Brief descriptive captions
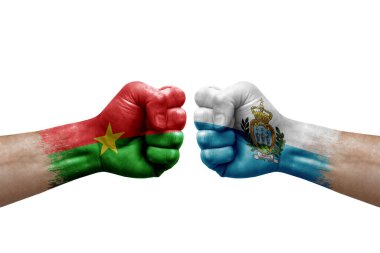 Two hands punch to each others on white background. Country flags painted fists, conflict crisis concept between burkina faso and san marino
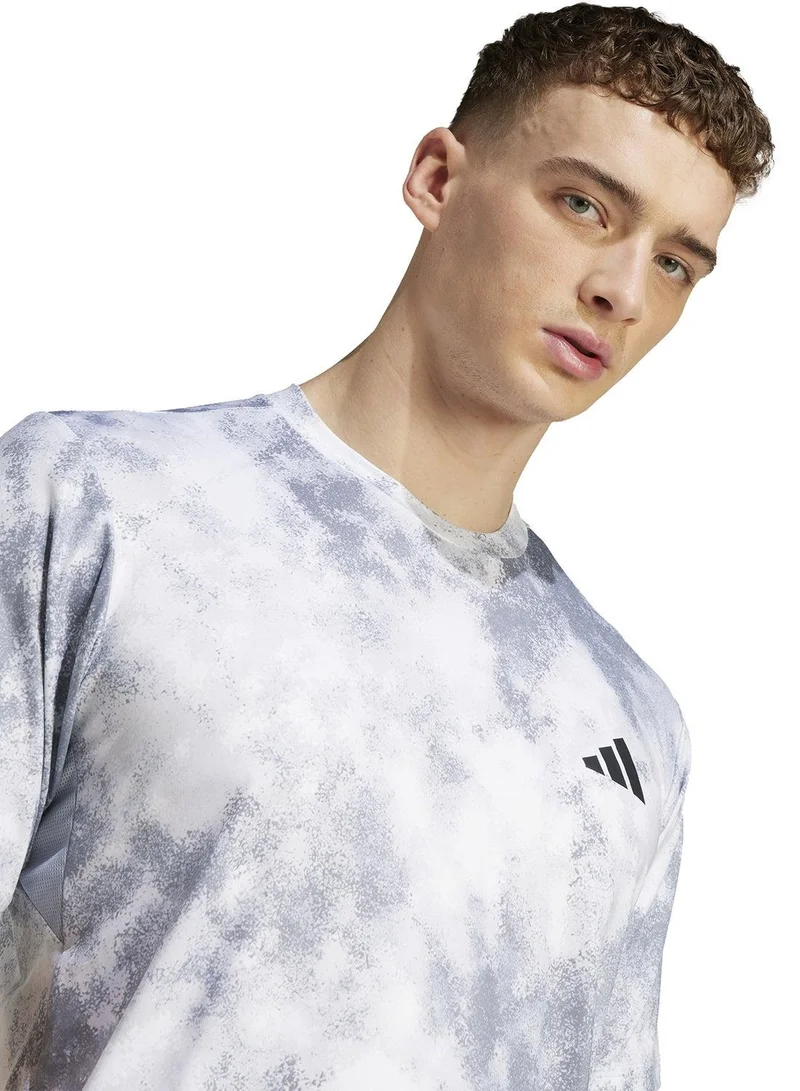 Adidas HALSIL Train Essentials Seasonal All Over Print Tee for Men | Best Price UAE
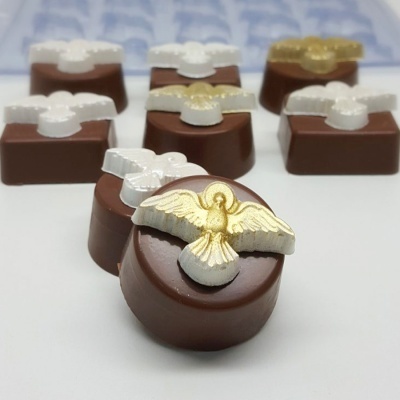 Chocolates redondos e quadrados com decoração de pomba dourada e branca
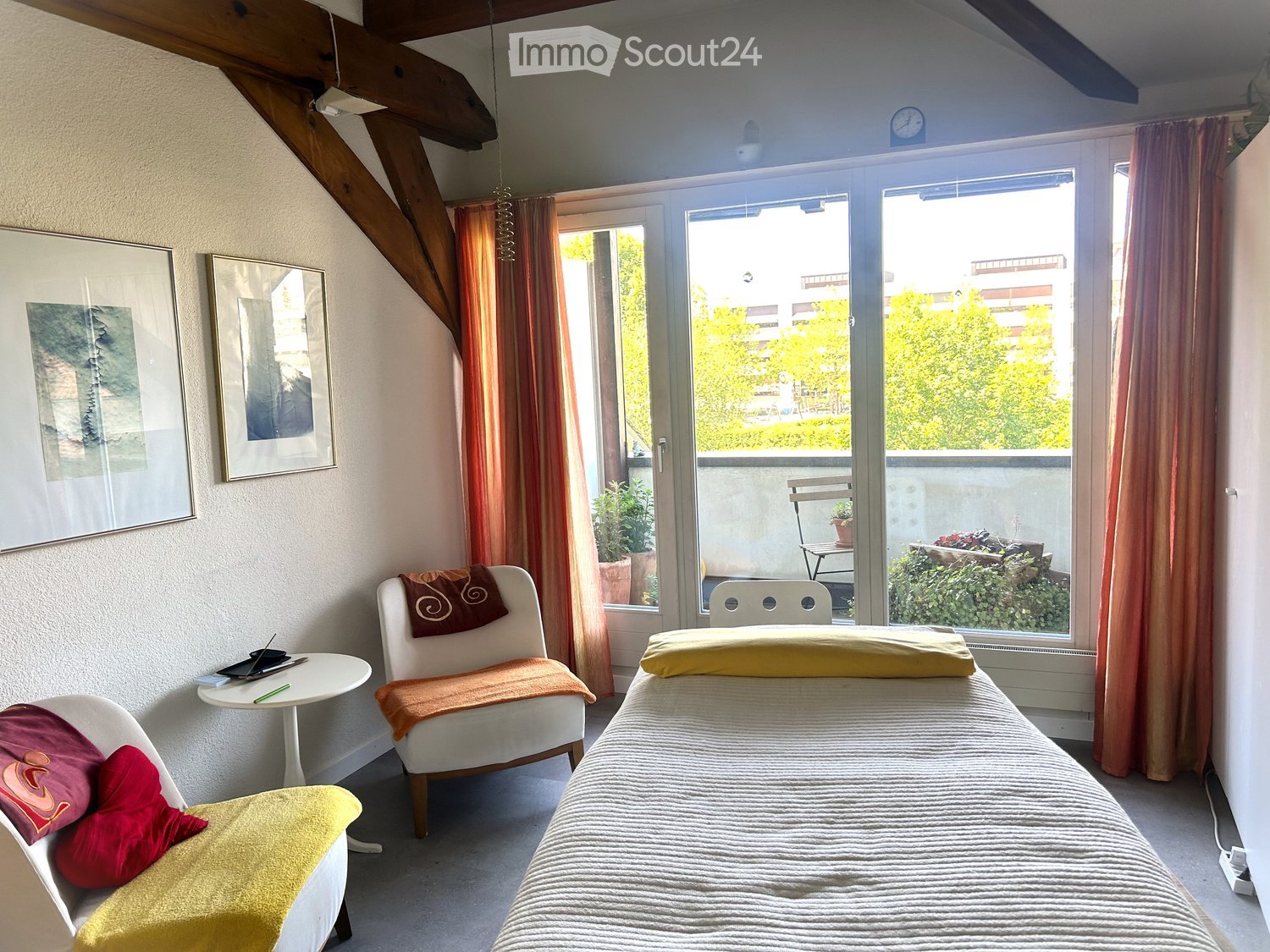 Cozy bedroom with a single bed, two chairs, a small round table, and framed pictures on the wall. Large windows with curtains lead to a balcony.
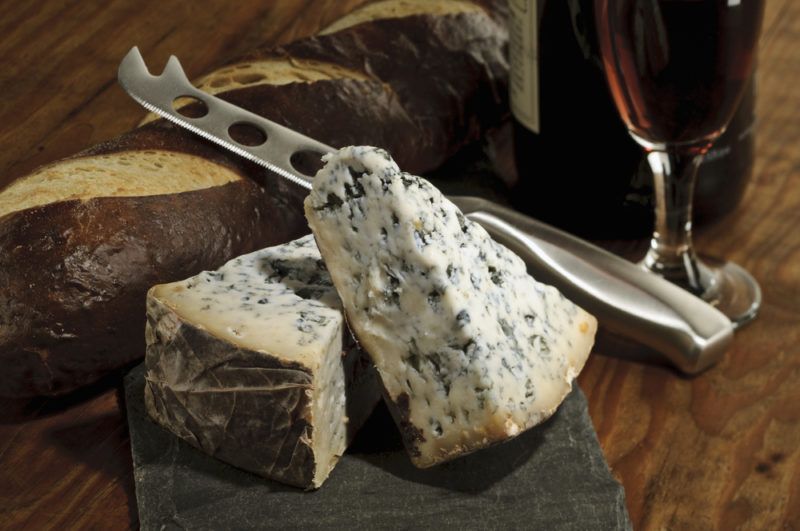 Blue cheese and bread on a board with a knife, next to a glass of port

• _WHAT THE EXERCISE ASKS_
Leave out the pictures, and retype exactly the lines from the one containing "Cozy bedroom with" through the final line of the data.

• _SOLUTION FOR THIS TASK_
 Cozy bedroom with a single bed, two chairs, a small round table, and framed pictures on the wall. Large windows with curtains lead to a balcony.
 Blue cheese and bread on a board with a knife, next to a glass of port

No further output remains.